For both sides of the business, local guesthouses, hotels, and tourist attractions were essential.

“I used to zig zag down the road collecting orders from all of the guest houses,” Henry remembers, “We did everything from menus and business cards to theatre programmes and postcards.” 

Advert for Goodwin Sands Fashion Show, printed by the Martell Press

Advert for Goodwin Sands Fashion Show, printed by the Martell Press

As tourism faded in Thanet, so did Martell’s trade until only the Northdown Road shop remained, selling stationery and offering basic design, printing and copying services. The shop closed in 2017.

Using the Print Works archive:

The Print Works archives include hundreds of examples of material printed in a pre-digital age, including much related to Margate, Broadstairs, and Ramsgate. It includes print for seaside hotels, entertainment venues, and tourism businesses.

The archive also includes documents relating to working in the print industry in the 20th century, from apprenticeship indentures to certificates from a print factory’s Horticultural Club. There are documents relating to design, typography, and the move from analogue processes like typography to digital design and print.

The archive is new, so includes primary material not used before in academic research. It is held at a studio in Margate. For more information email dawn@appletye.org

Print Works is supported by a grant from the National Lottery Heritage Fund.

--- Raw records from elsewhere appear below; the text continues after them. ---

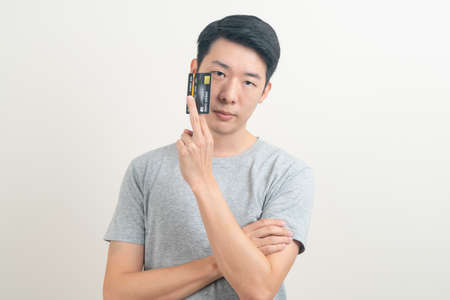 portrait young Asian man holding credit card on white background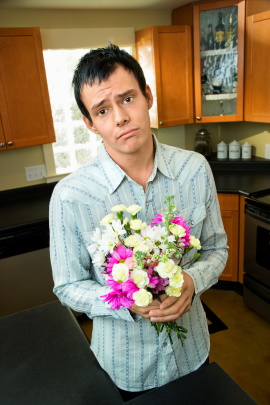 Mann schenkt Frau Blumen mit unterwürfigem Blick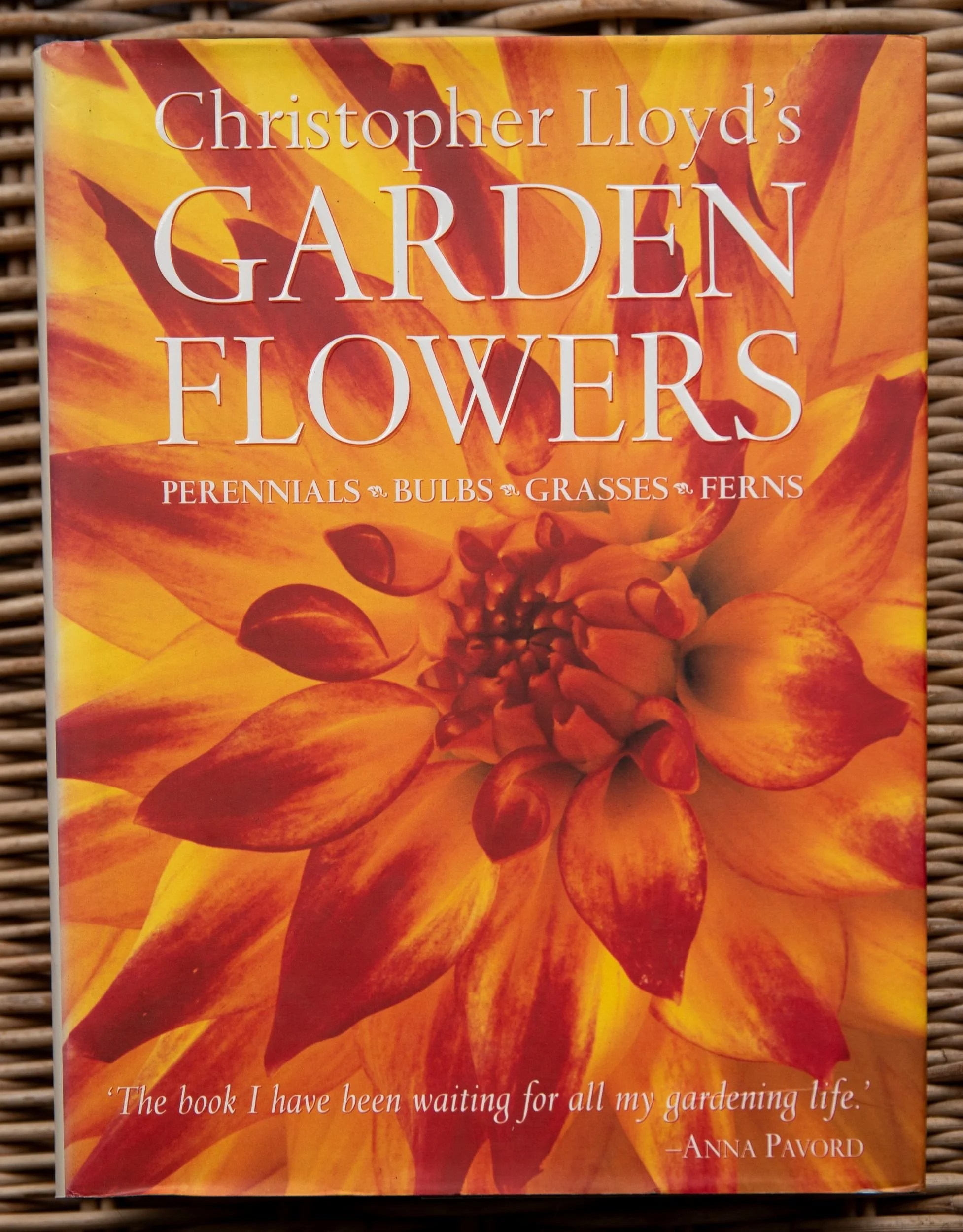 Book cover of Christopher Lloyd's Garden Flowers, featuring a close-up photograph of a vivid orange dahlia in full bloom.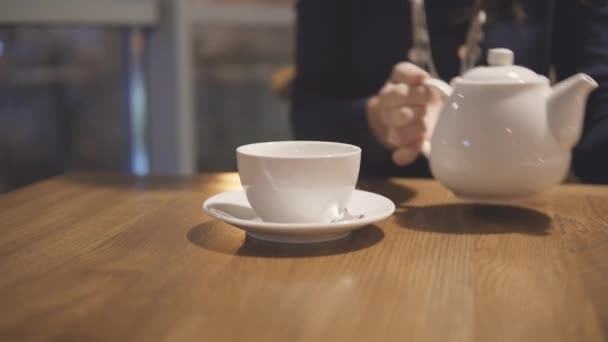 Tetera blanca y taza en una mesa en la cafetería de la ciudad . — Vídeos de Stock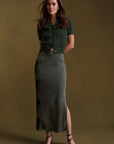 A woman stands against a warm olive-brown studio backdrop wearing a dark green short-sleeve cropped knit top with front buttons and a matching dark green midi skirt with a side slit, paired with black strappy heels.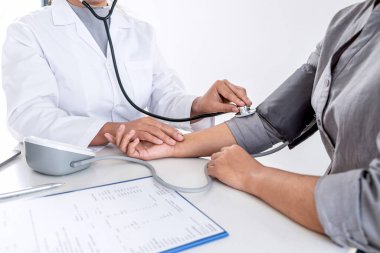 Doktor steteskop kullanarak arteryel kan basıncını ölçüyor.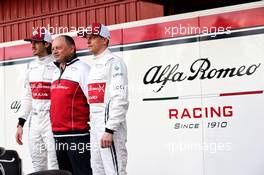(L to R): Antonio Giovinazzi (ITA) Alfa Romeo Racing with Frederic Vasseur (FRA) Alfa Romeo Racing Team Principal and Kimi Raikkonen (FIN) Alfa Romeo Racing. 18.02.2019. Formula One Testing, Day One, Barcelona, Spain. Monday.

Print Works: Part Two – The Thanet Press

Special Collections & Archives has been working with Appletye – an artists’-led organisation based in Margate – to support their mission to record the Isle of Thanet’s rich printing heritage. In lieu of a physical display in Spring 2020 these guest blogs by Dan Thompson and Dawn Cole are our virtual equivalent – we hope you enjoy!

In 1887 Frederick J Bobby, who had been running a small store in Bedford, moved to Margate and took over the Smeeds store, on the junction of Margate High Street and Cecil Square. With business booming, over the next few years Bobby’s acquired neighbouring premises to expand the business. In 1907, he bought a nearby stationers, and print works in Well-close Square. 

obby & Co’s Union Crescent works, depicted on a 1970s Eyre & Spottiswoode Christmas Card. The original print works were in the building to the left.

Bobby & Co’s Union Crescent works, depicted on a 1970s Eyre & Spottiswoode Christmas Card. The original print works were in the building to the left.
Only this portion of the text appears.